• A research project undertaken by the start-up Osmo, with support from Google, has recently broken new ground using a machine learning based on graph neural networks (GNNs).
• The new approach has led to the creation of a predictive model that can map molecular structure to odour descriptors.
Today’s artificial intelligence systems have accomplished a lot, notably learning how to recognise objects, faces, sounds, voices, and tactile signals. However, the digital processing of olfactory information remains in its infancy. “Cameras and microphones are cheap and pervasive, so it’s easy to collect new data for vision and hearing. Collecting data for scent either involves using complex and expensive instruments or slow and arduous training processes for human scent testers,” explains Alex Wiltschko, a neuroscientist, and the founder of Osmo Labs. A start-up launched in January 2023, Osmo Labs was spun off from a research project conducted by Google Brain (Google’s AI division that has since been rechristened DeepMind), which sought to apply neural networks technology to olfactory data.

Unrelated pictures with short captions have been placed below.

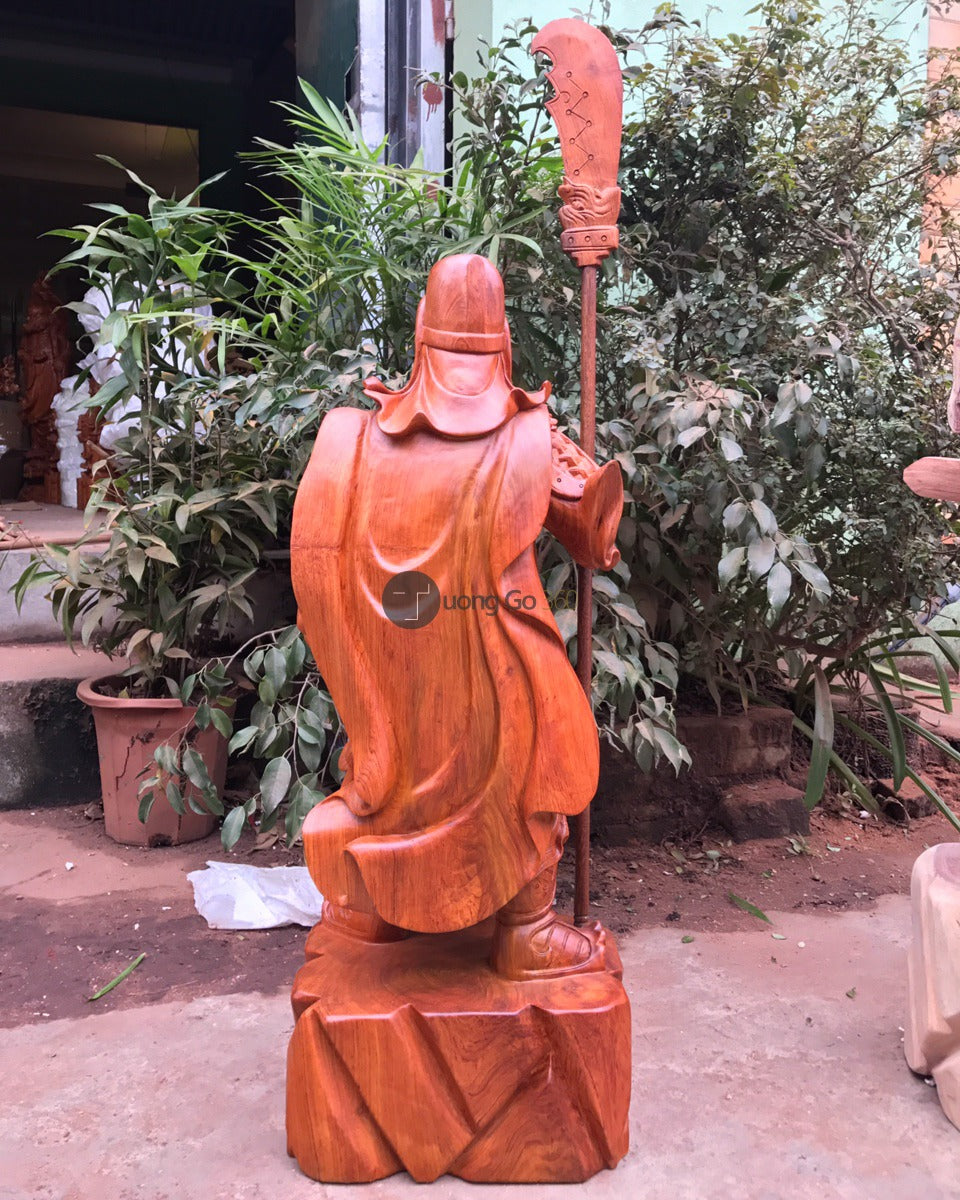 Quan Công Chống Đao Gỗ Hương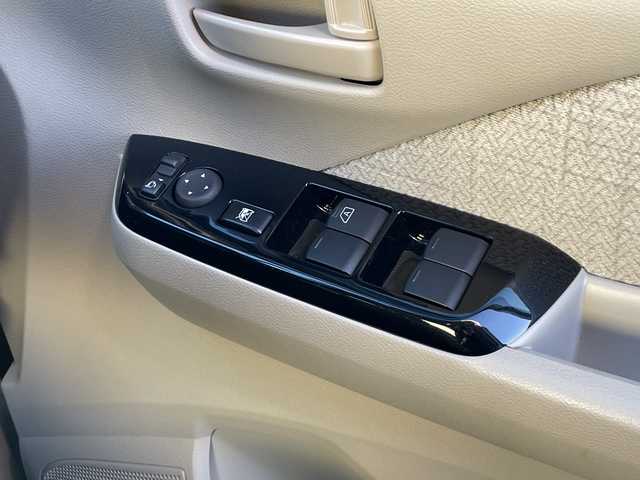 日産 デイズ X 千葉県 2022(令4)年 1.4万km フローズンバニラパール/アッシュブラウンM ９インチナビＭＭ２２２Ｄ－Ｌ　全方位カメラ　フルセグ　ＢＴ　ＨＤＭＩ　ＵＳＢ　スマートキー　プッシュスタート　エマージェンシーブレーキ　フローズンバニラパールツートンカラー　１４インチＡＷ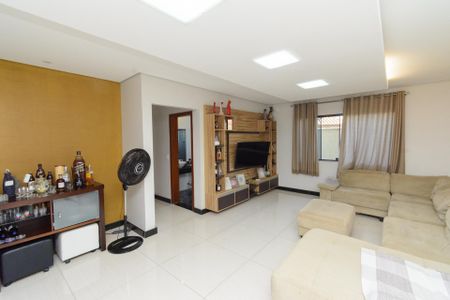 Casa à venda com 256m², 4 quartos e 3 vagasSala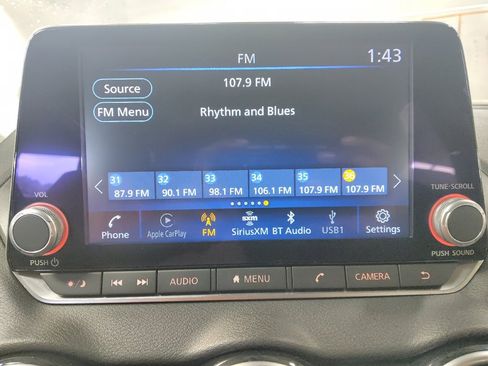 Used 2025 Nissan Sentra SV FWD image 25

The starting point was an industry dataset of molecular structures and descriptive terms for 5,000 known odorants
Data in the form of nodes and links
In early September 2023, researchers from Osmo published an article in the journal Science, detailing a model that mapped molecular structure to odour perception using graph neural networks (GNNs), which are particularly suited to work on olfaction because they represent data using nodes and links, like atoms and bonds in molecules. “Graph neural networks (GNNs) are fairly new models and in recent years they have gathered a lot of attention from researchers, not just in olfaction, but also in chemistry and biochemistry” explains Matej Hladis, a doctoral student at the Nice Institute of Chemistry (which is jointly managed by the CNRS and Côte d’Azur University) and the co-author of another ground-breaking research paper on this topic published in February 2023. “Previously, we had to encode this graph structure to a set of numbers, usually by calculating physico-chemical properties of the molecule, but it was cumbersome, and some information was lost in the process.”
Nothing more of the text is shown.